Everything from the line holding "8418 N Lagoon Drive – photo 2" to the last line of the material below must be retyped exactly, minus any pictures.

[DATASET EXTRACT — start]

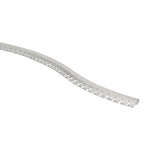 Bendable Gyprock Profile 36mm × 11mm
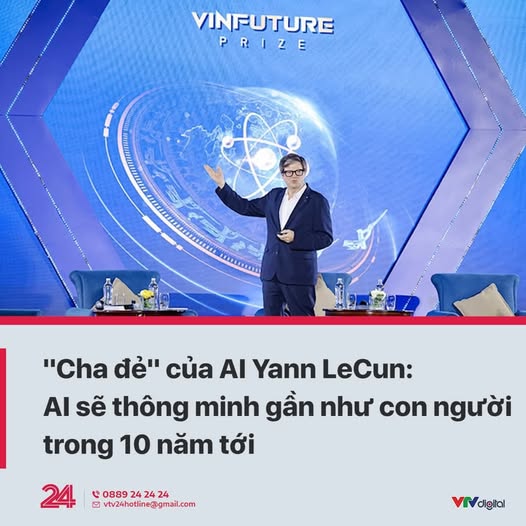 Triển khai AI trong thực tế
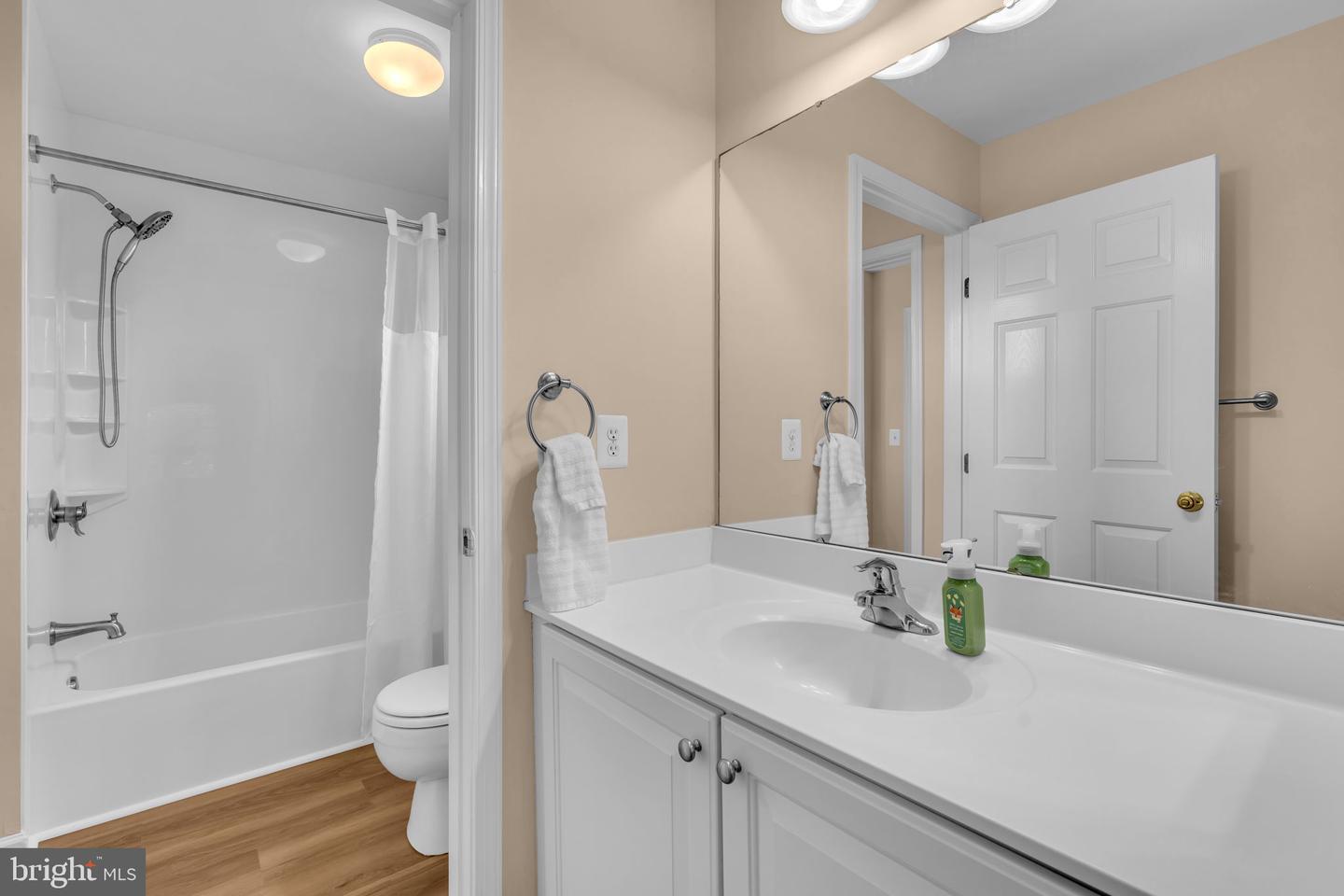 11767 CHAMPE WAY, KING GEORGE, Virginia 22485, 4 Bedrooms Bedrooms, ,3 BathroomsBathrooms,Residential,For sale,11767 CHAMPE WAY,VAKG2006362 MLS # VAKG2006362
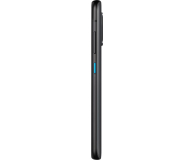 ASUS ZenFone 8 8/128GB Black - 650433 - zdjęcie 9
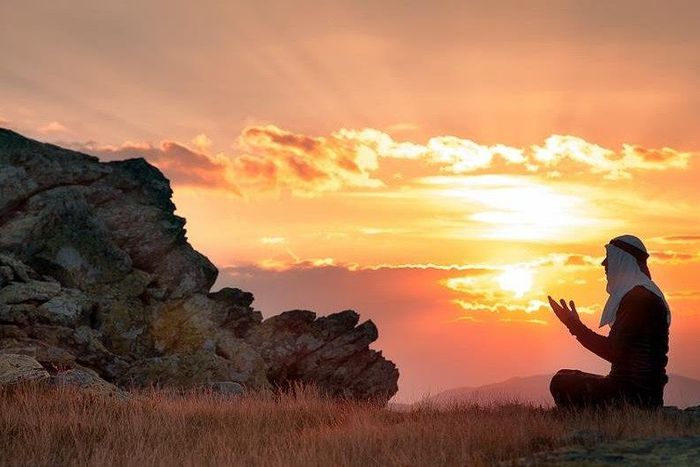 ___3931886___https:______static.pulse.com.gh___webservice___escenic___binary___3931886___2015___7___2___17___247987_349278608498234_1130549657_n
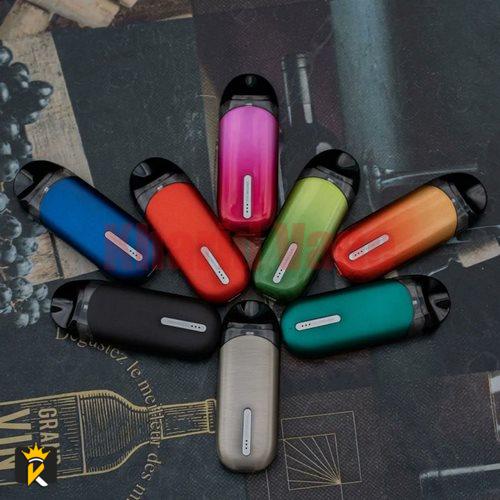 Vaporesso-Zero-S-Pod-Kit-1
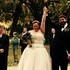 NOLA Elopements, LLC - Denham Springs LA Wedding Officiant / Clergy Photo 19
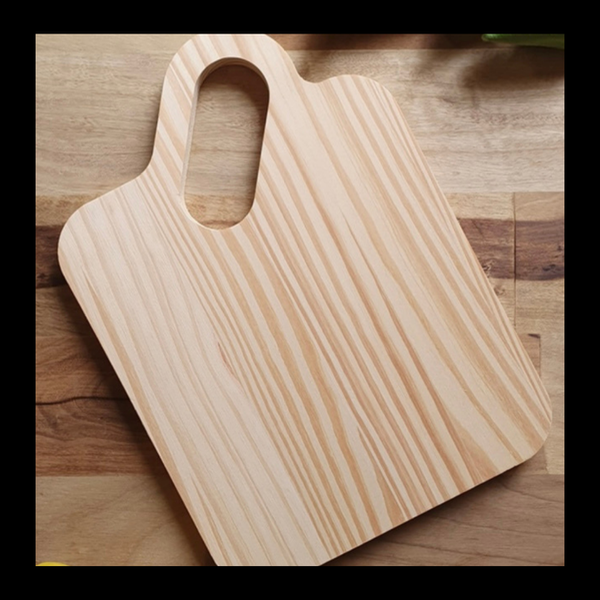 Producto - Tabla Cocina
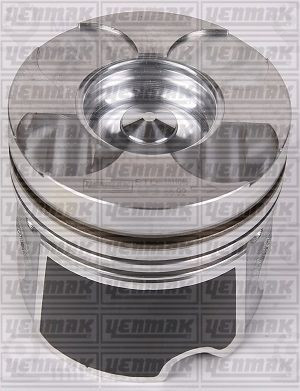 Запчасть YENMAK 3104180050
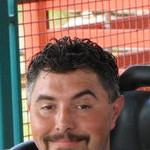 Matthew, 55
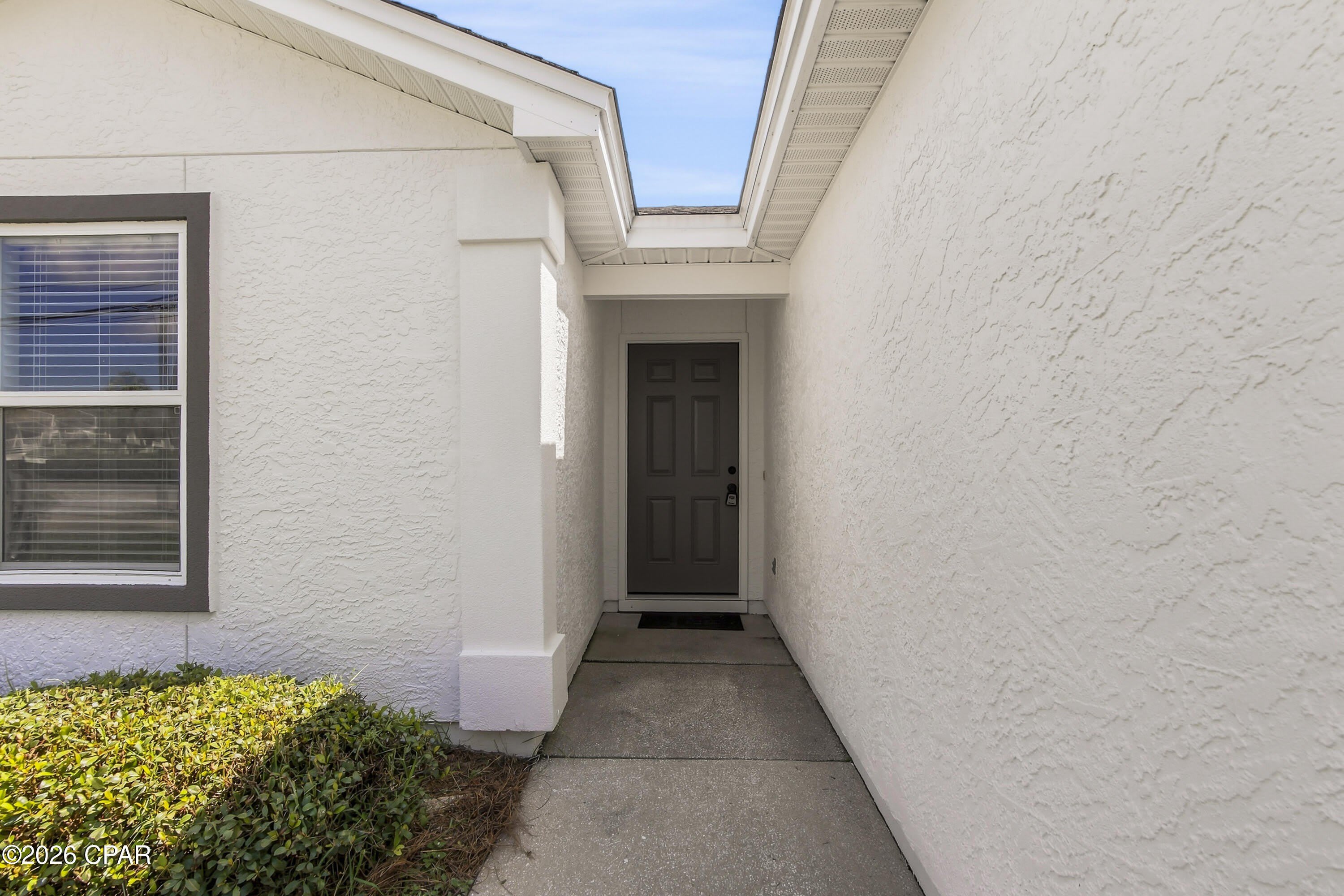 8418 N Lagoon Drive – photo 2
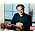 Miniaturansicht von Itzhak Perlman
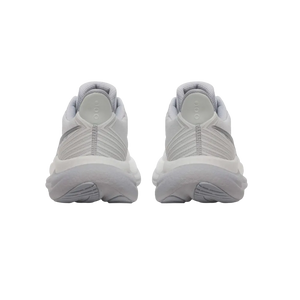 Saucony Triumph 23 White Cloud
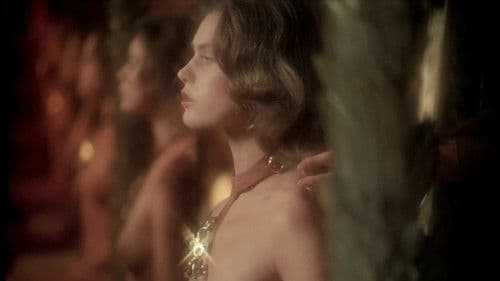 Die Geschichte der O Bild 4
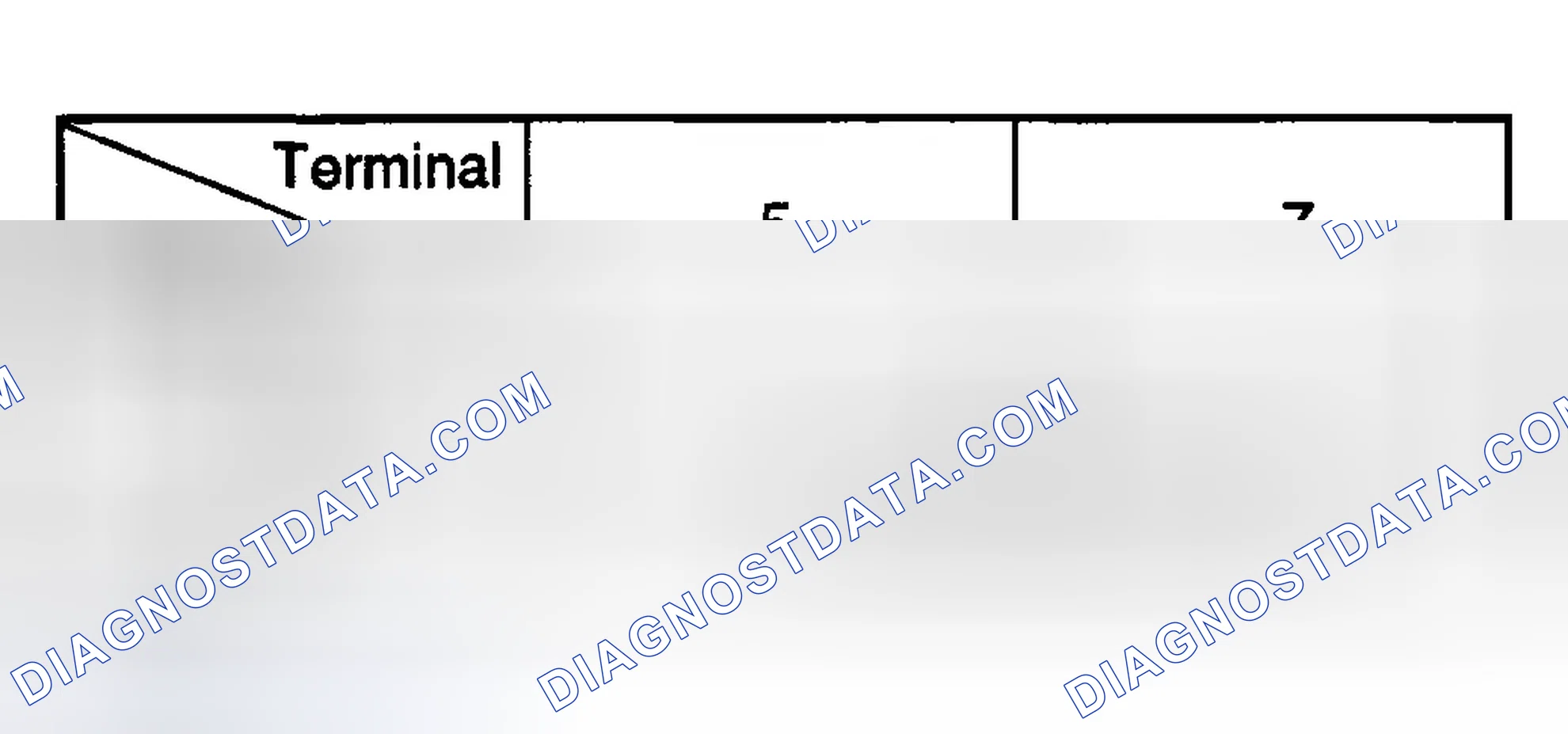 Scheme 13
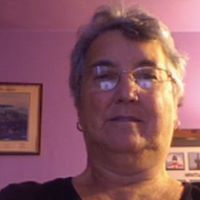 Nancy Colonna Photo 1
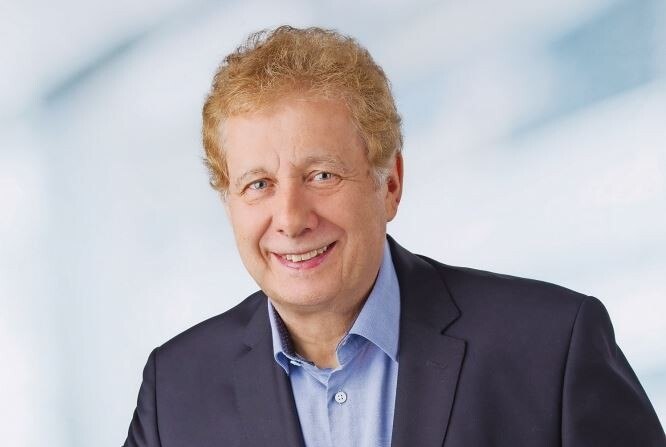 Franz Helmer, Tischlerei Helmer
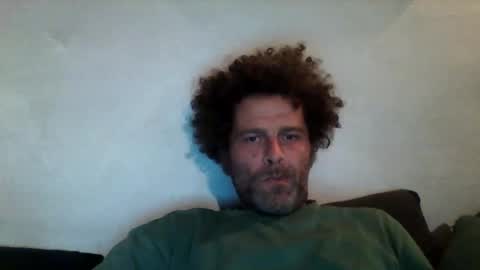 Snapshot of elyjahoye chatting on January 2026 10:24:02 PM elyjahoye online show from January 2026 10:24:02 PM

[DATASET EXTRACT — finish]

◆ TASK ANSWER
 8418 N Lagoon Drive – photo 2
 Miniaturansicht von Itzhak Perlman
 Saucony Triumph 23 White Cloud
 Die Geschichte der O Bild 4
 Scheme 13
 Nancy Colonna Photo 1
 Franz Helmer, Tischlerei Helmer
 Snapshot of elyjahoye chatting on January 2026 10:24:02 PM elyjahoye online show from January 2026 10:24:02 PM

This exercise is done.